B. UN SYSTÈME D'AIDES PUBLIQUES À LA PRESSE ARCHAÏQUE, EN MAL DE STRATÉGIE ET DE COHÉRENCE

1. Une aide massive évaluée à plus d'1,4 milliard d'euros

Dans le cadre de ses précédents avis budgétaires, votre rapporteur pour avis a régulièrement dénoncé la fragmentation singulière de notre système d'aides publiques en faveur de la presse. Les catégories d'aides sont segmentées à tel point que certaines d'entre elles s'apparentent à du saupoudrage. En l'absence de toute réactualisation de leurs objectifs stratégiques et de leurs indicateurs d'évaluation et de contrôle, ces aides semblent de moins en moins adaptées aux mutations du modèle économique des entreprises de presse.

Les aides indirectes en faveur de la presse devraient s'élever à près de 401 millions d'euros en 2011 et sont constituées principalement par les dépenses fiscales résultant de l'application aux publications de presse d'un taux de TVA super réduit de 2,1 % , à hauteur de 190 millions d'euros, et de l' exonération de la contribution économique territoriale 4 ( * ) dans le secteur de la presse, à hauteur de 210 millions d'euros.

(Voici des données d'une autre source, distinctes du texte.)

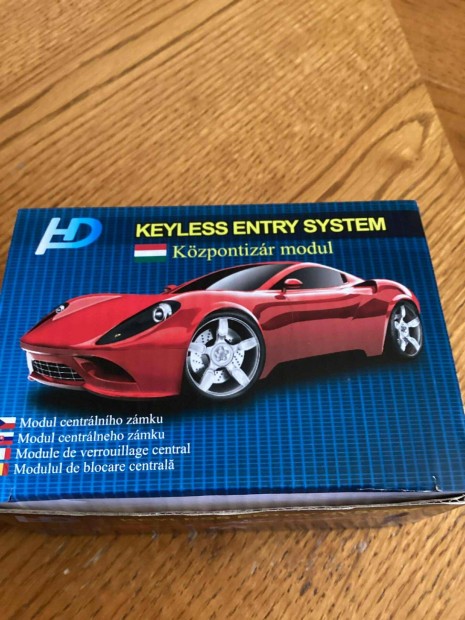 Központizár modul !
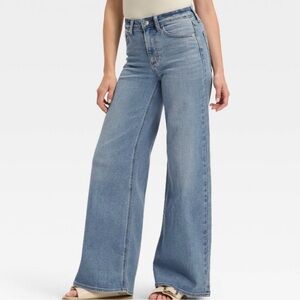 Universal Thread Light Blue Flare Jeans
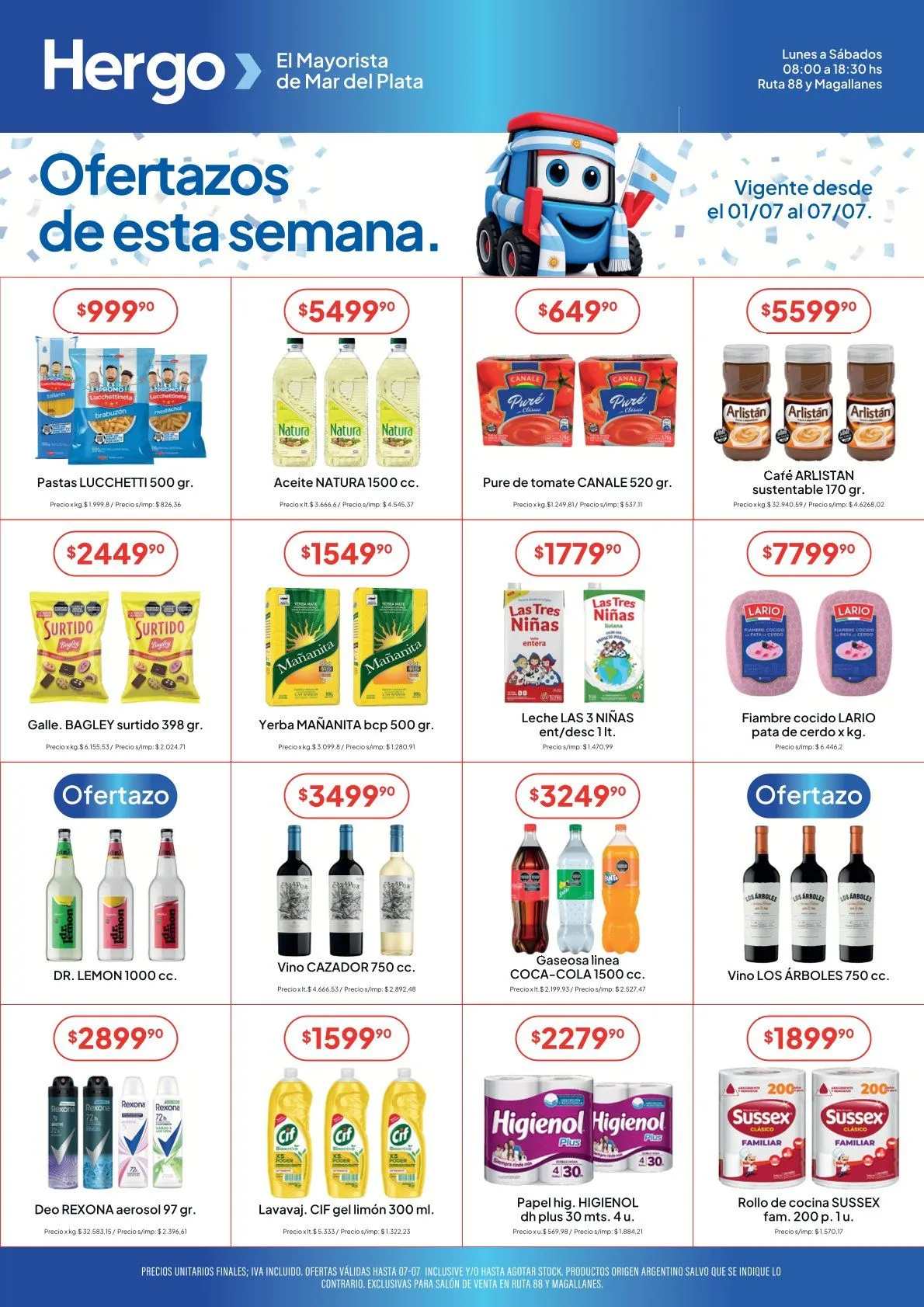 Ofertas de Hergo Ofertas 8 de julio al 14 de julio 2026 - Página 1 del catálogo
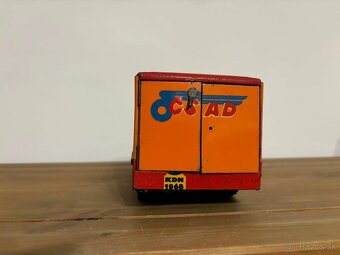 Stara hracka - Stare auto - Tatra 138 CSAD - 3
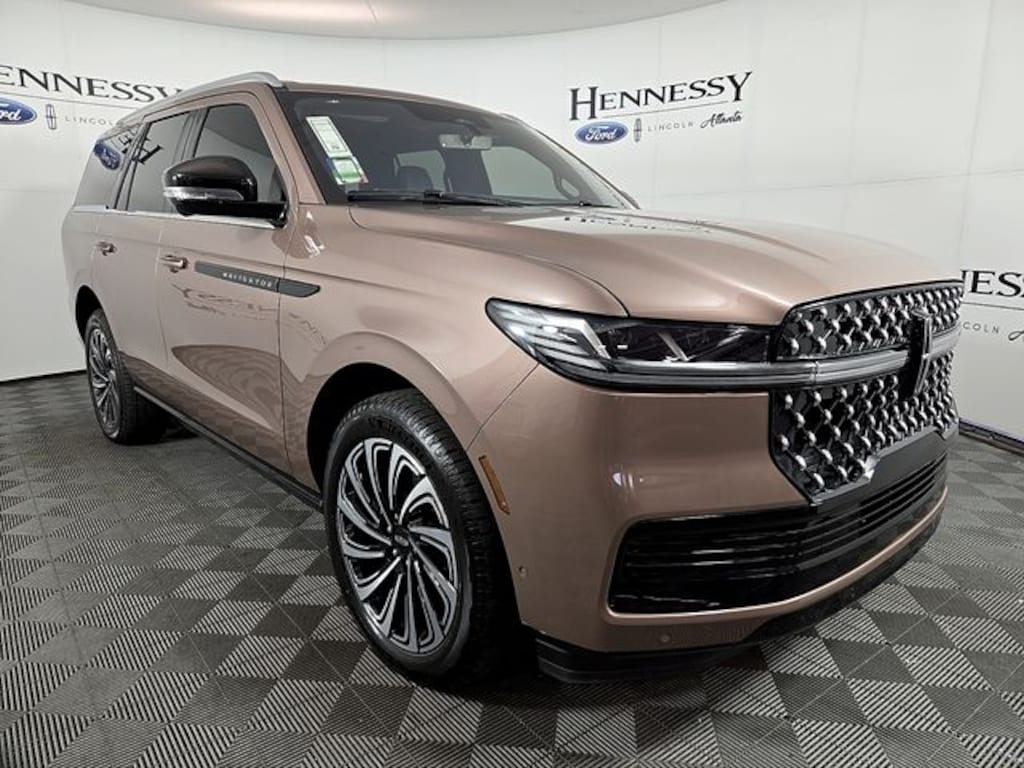 New 2025 Lincoln Navigator Black Label SUV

La réduction de l'impôt sur les sociétés pour souscription au capital des sociétés de presse (article 220 undecies du code général des impôts), d'un coût de l'ordre d'un million d'euros, et la déduction d'impôt spéciale prévue en faveur des entreprises de presse (articles 39 bis et 39 bis A du code général des impôts), d'un coût inférieur à 0,5 million d'euros, constituent, pour leur part, des dépenses fiscales relativement marginales.

À ces aides indirectes, s'ajoutent des aides versées directement aux éditeurs et à d'autres organismes ou personnes chargées de la fabrication, de la distribution et de la diffusion de la presse , d'un montant total de 305,1 millions d'euros inscrits en crédits de paiement sur le programme 180 de la mission « Médias, livre et industries culturelles », dans le projet de loi de finances pour 2011. Il convient également de tenir compte des 159 millions d'euros de l'aide au transport postal de la presse dans les zones peu denses au titre du programme 134 « Développement des entreprises et de l'emploi » de la mission « Économie ».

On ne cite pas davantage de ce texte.